Provided entries
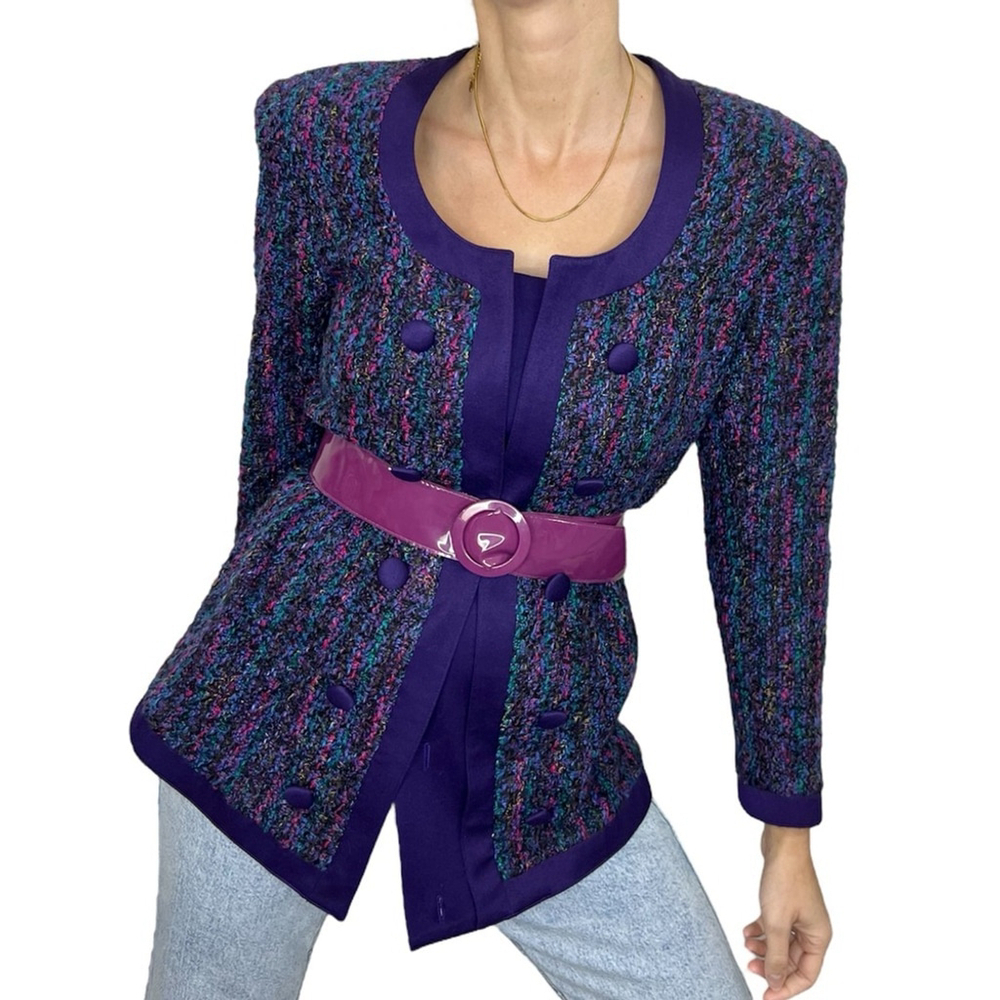 Vintage 80s 90s purple multi colour tweed tailored jacket blazer 10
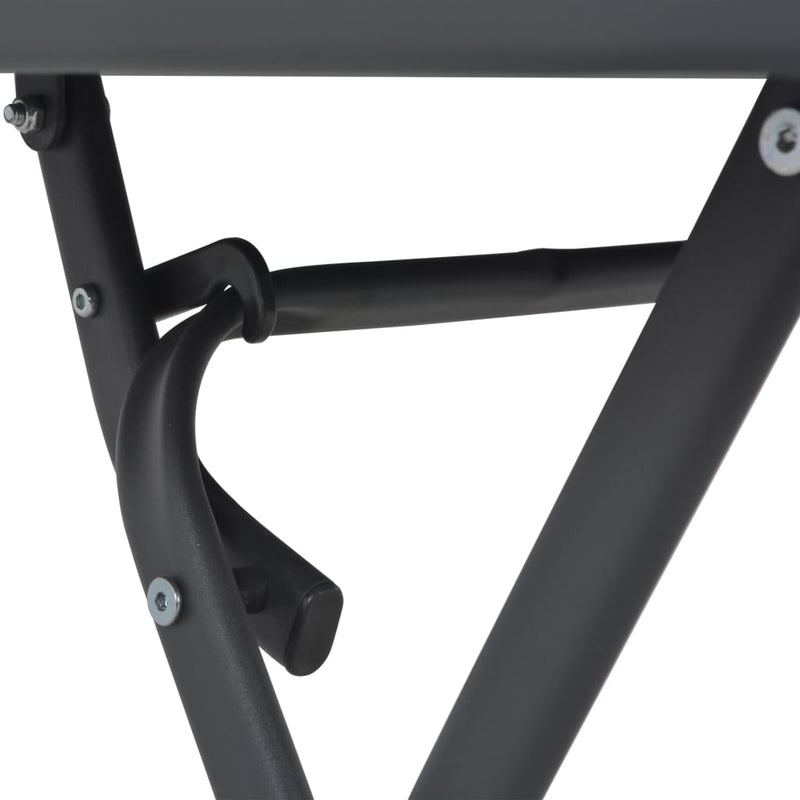 Folding Garden Table Grey 100x75x72 cm Glass and Steel Payday Deals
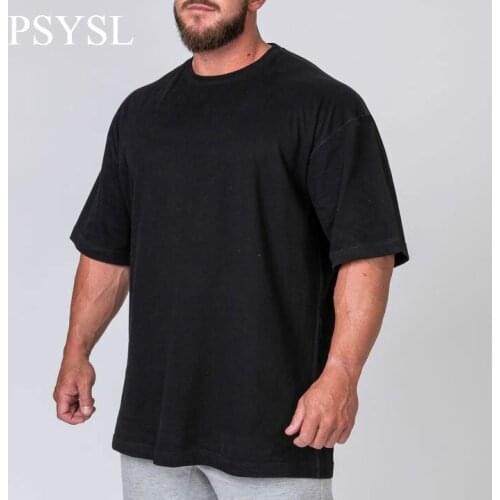 Psysl New Summer Mens T Shirt Sweep T-shirt Flat Hem Long Line Tops Hip Hop Urban Blank Streetwear Fashion Fitness Short Sleeve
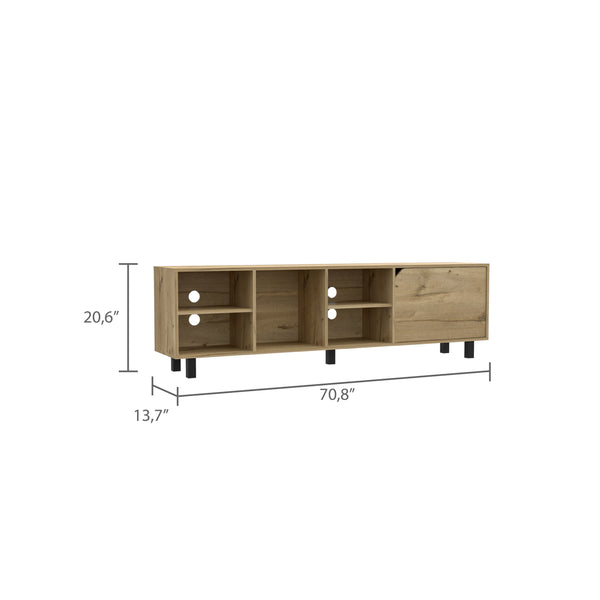 English Elm Native Beige TV Stand for TVs up to 70" with Four Open Shelves, Back Cable Ports & Sturdy Five Legs B128P148761
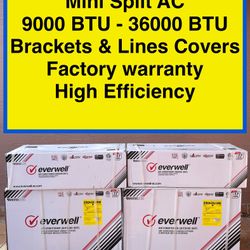 Mini Split AC 9000 BTU - 36000 BTU (Air Conditioner) Brand New 
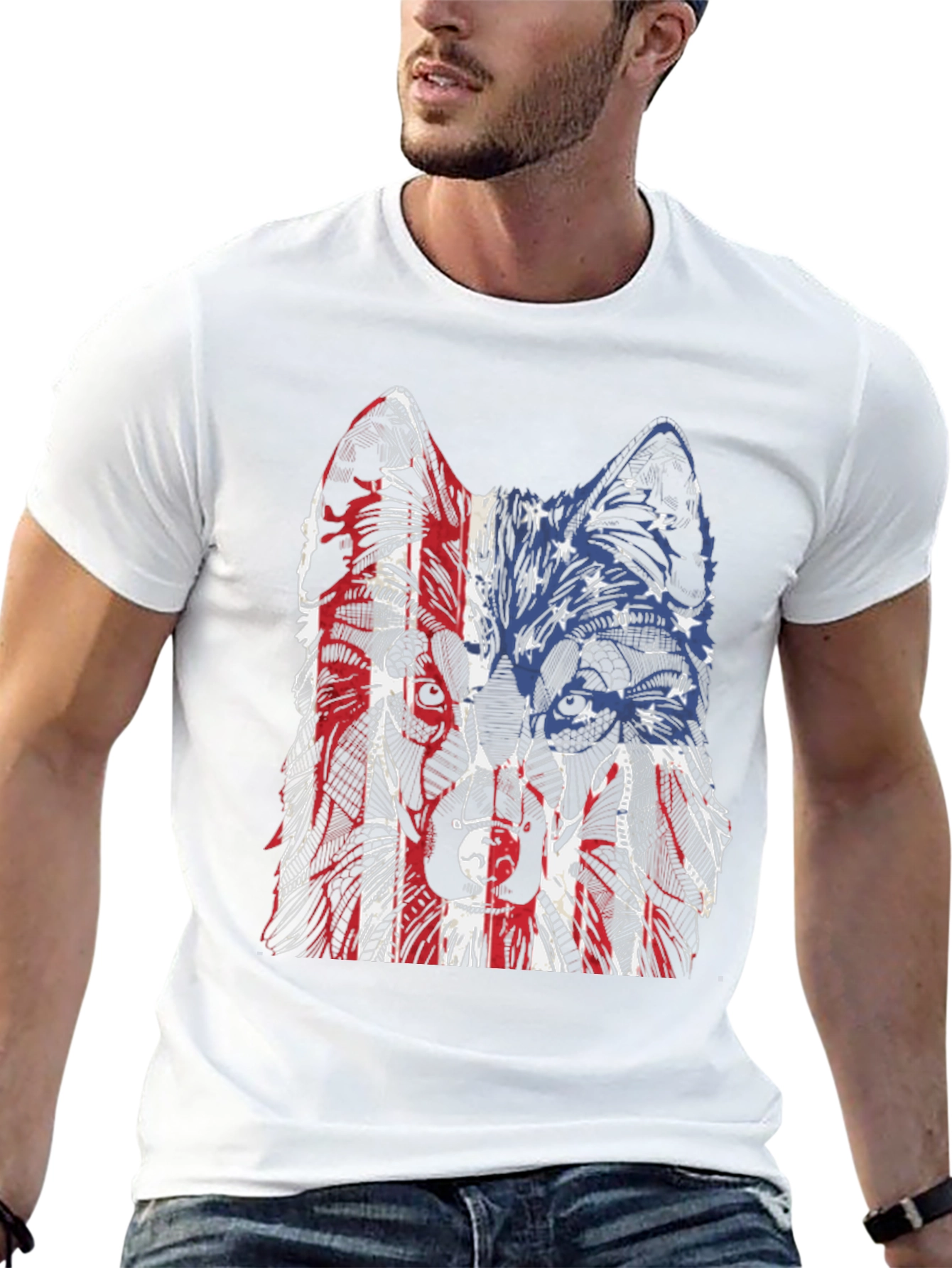 Patriotic Wolf Graphic Tee - Unisex Black T-Shirt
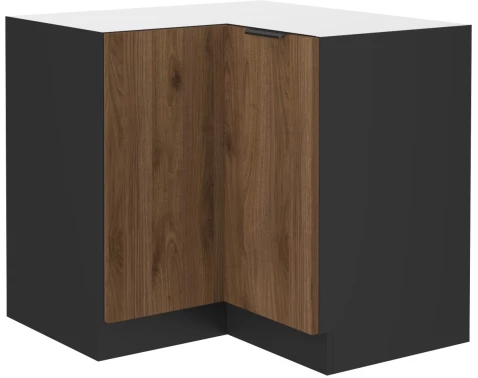 E-shop Dolná rohová kuchynská skrinka Monza, 90/90 cm, orech/čierna%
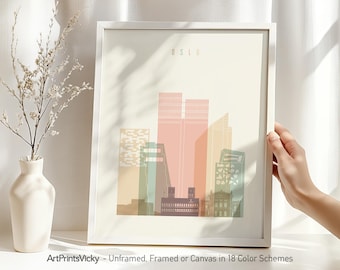 Oslo Wall Art Print - Poster Skyline Poster | ArtPrintsVicky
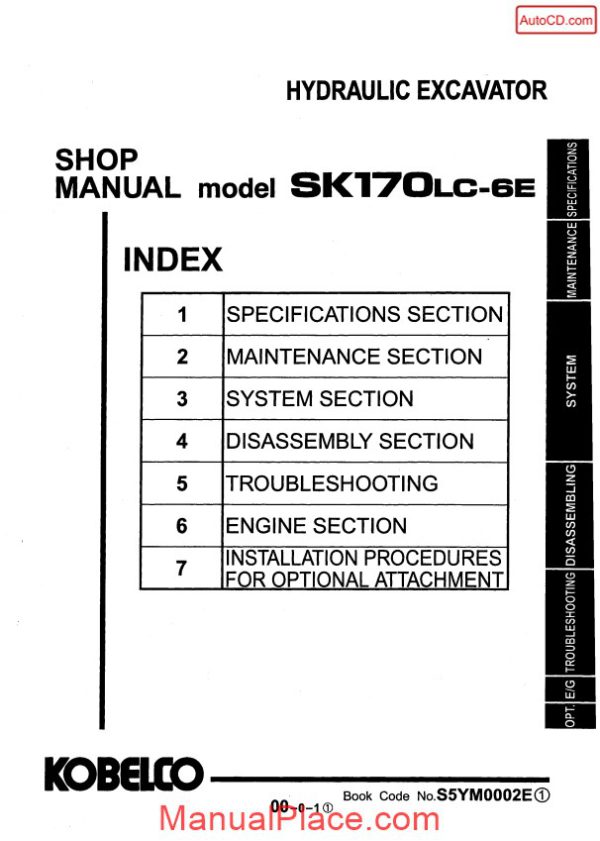 kobelco sk170lc 6e hydraulic excavator book code no s5ym0002e page 1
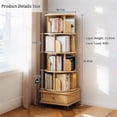 thumbnail image 6 of Paproos 5 Tier Rotating Bookshelf, 360° Display Wood Spinning Bookshelf Tower with Wheels and Bottom Drawer, Small Rotating Bookcase, Corner Book Shelf for Home Office, Bedroom, Warm White, 6 of 11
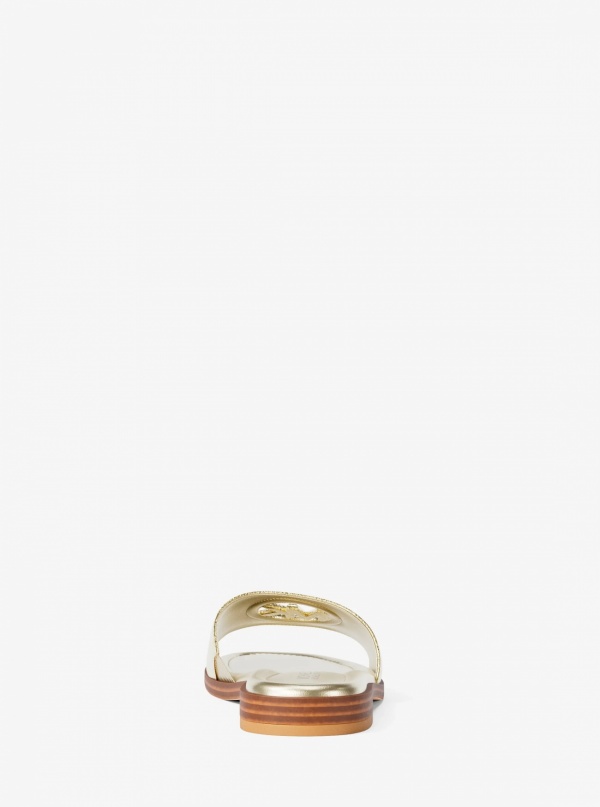 Carissa Crackled Metallic Slide Sandal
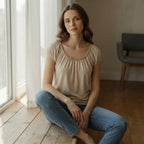 Love and Money Oatmeal Gathered Scoop Neck Top with Braided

What is required
A picture-free version of all the records, repeated exactly, is what to return.

Result of the task
 Vintage 80s 90s purple multi colour tweed tailored jacket blazer 10
 Folding Garden Table Grey 100x75x72 cm Glass and Steel Payday Deals
 Psysl New Summer Mens T Shirt Sweep T-shirt Flat Hem Long Line Tops Hip Hop Urban Blank Streetwear Fashion Fitness Short Sleeve
 English Elm Native Beige TV Stand for TVs up to 70" with Four Open Shelves, Back Cable Ports & Sturdy Five Legs B128P148761
 Mini Split AC 9000 BTU - 36000 BTU (Air Conditioner) Brand New 
 Patriotic Wolf Graphic Tee - Unisex Black T-Shirt
 E-shop Dolná rohová kuchynská skrinka Monza, 90/90 cm, orech/čierna%
 Oslo Wall Art Print - Poster Skyline Poster | ArtPrintsVicky
 kobelco sk170lc 6e hydraulic excavator book code no s5ym0002e page 1
 thumbnail image 6 of Paproos 5 Tier Rotating Bookshelf, 360° Display Wood Spinning Bookshelf Tower with Wheels and Bottom Drawer, Small Rotating Bookcase, Corner Book Shelf for Home Office, Bedroom, Warm White, 6 of 11
 Carissa Crackled Metallic Slide Sandal
 Love and Money Oatmeal Gathered Scoop Neck Top with Braided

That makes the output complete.